Firstly, I think we must acknowledge that today we face particular challenges in teaching the physical sciences and engineering. We have a very broad-based student intake with a diverse range of school subjects. Their focus has been on getting a high TEE score, rather than preparation for university.

My teaching objective is to lead students away from passive, textbook-based, rote and prescriptive learning. The TEE, and, sad to say, some of our undergraduate teaching, has reinforced the notion that learning merely consists of mechanically working through set curriculum, repetitively performing certain exercises, committing chunks of the textbook, and equations, to memory, and developing exam technique. Certainly much of this is a pragmatic necessity, but if that is all we provide, if we teach to this, we have failed as teachers, especially as university teachers.

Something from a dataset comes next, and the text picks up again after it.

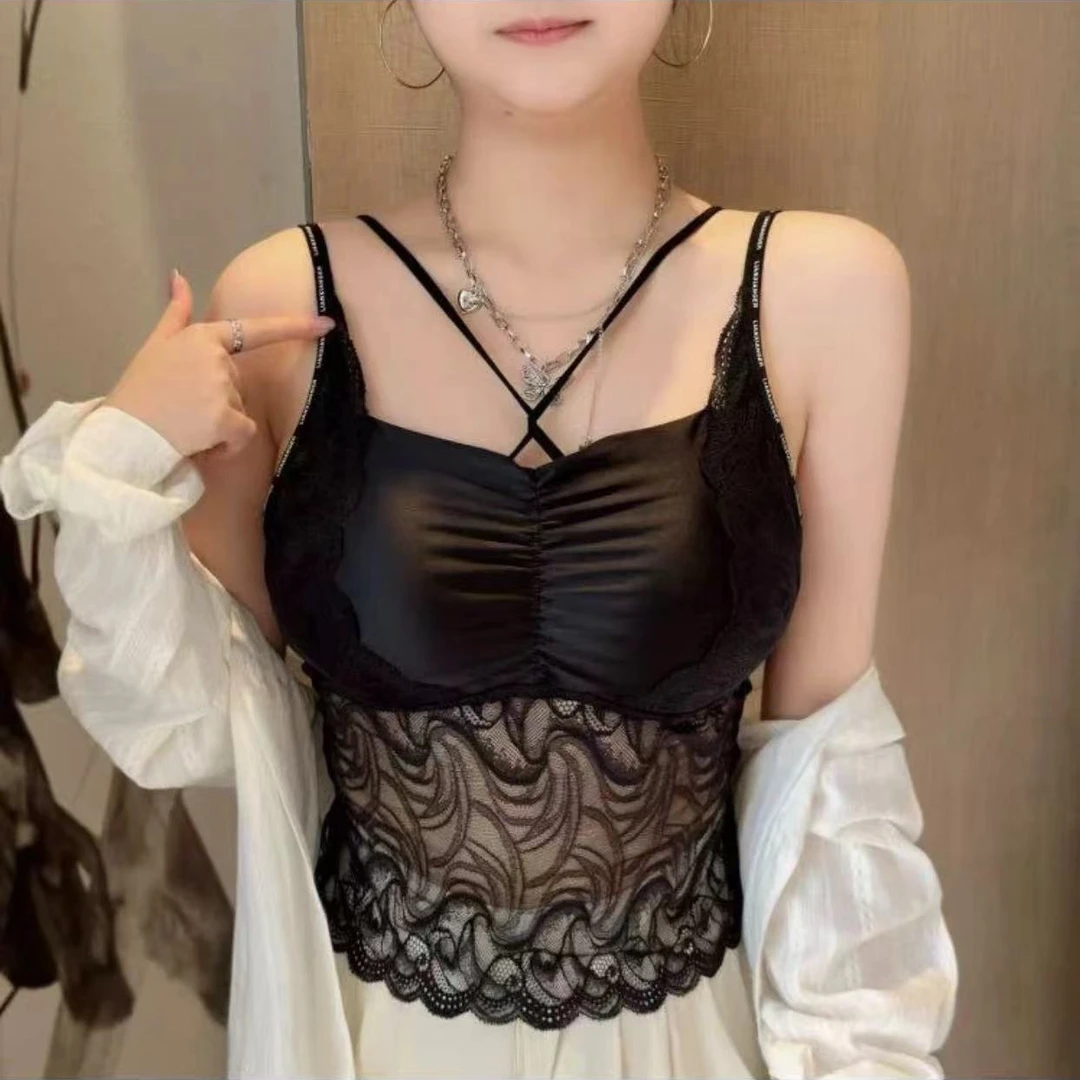 女士时尚美背背心通勤蕾丝网红百搭打底性感防走光防777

We need to lead and guide our students so that they realise that the first resource in understanding a concept, or solving a problem, or undertaking a project, is not a textbook or section of a manual - it is in their own brain, their own intelligence, their latent intuitive sense, and their own capability for independent thought and analysis. This is the huge intellectual and thinking development that we must facilitate. In brief, the lecturer's role is not so much "the sage on the stage" but rather "the guide by the side".

In pursuit of these student development objectives, I don't just present material to the class in lectures; I pose questions directly to the class and encourage discussion and questioning within the class. This approach also helps me to get across my enthusiasm for the subject, which in turn stimulates student enthusiasm. In short, my lectures are vigorous, stimulating, and involve the students in an active and thinking way.

The approach removes the isolation and barrier of being the remote lecturer, and inevitably brings us closer to the students as individuals. This individual contact helps students to develop their self-confidence and communication skills. It also gives them the feeling that someone in the University cares for them. They develop confidence in their lecturer and are able to come to their lecturer for pastoral care and counsel, and career advice.

Does this approach help all students? It certainly helps the less able students: their self-confidence and willingness to learn is raised and they set their goals at a higher level than previously. And those at the top for whom " the power of instruction is seldom of much efficacy except in those happy dispositions where it is almost superfluous" (Gibbons, as quoted by the 1965 Physics Nobel Prize Laureate, Richard P. Feynman)? Well, I think it works for them too. In many instances their academic achievements are based on an ability to pass exams in the mechanical way outlined previously. They would profit by developing their intuitive abilities and capacity for independent thinking and analysis.

And so to Year 2000 teaching: I look forward to it and I hope that my students will share with me a stimulating, rewarding and productive year of discovery and scholarship.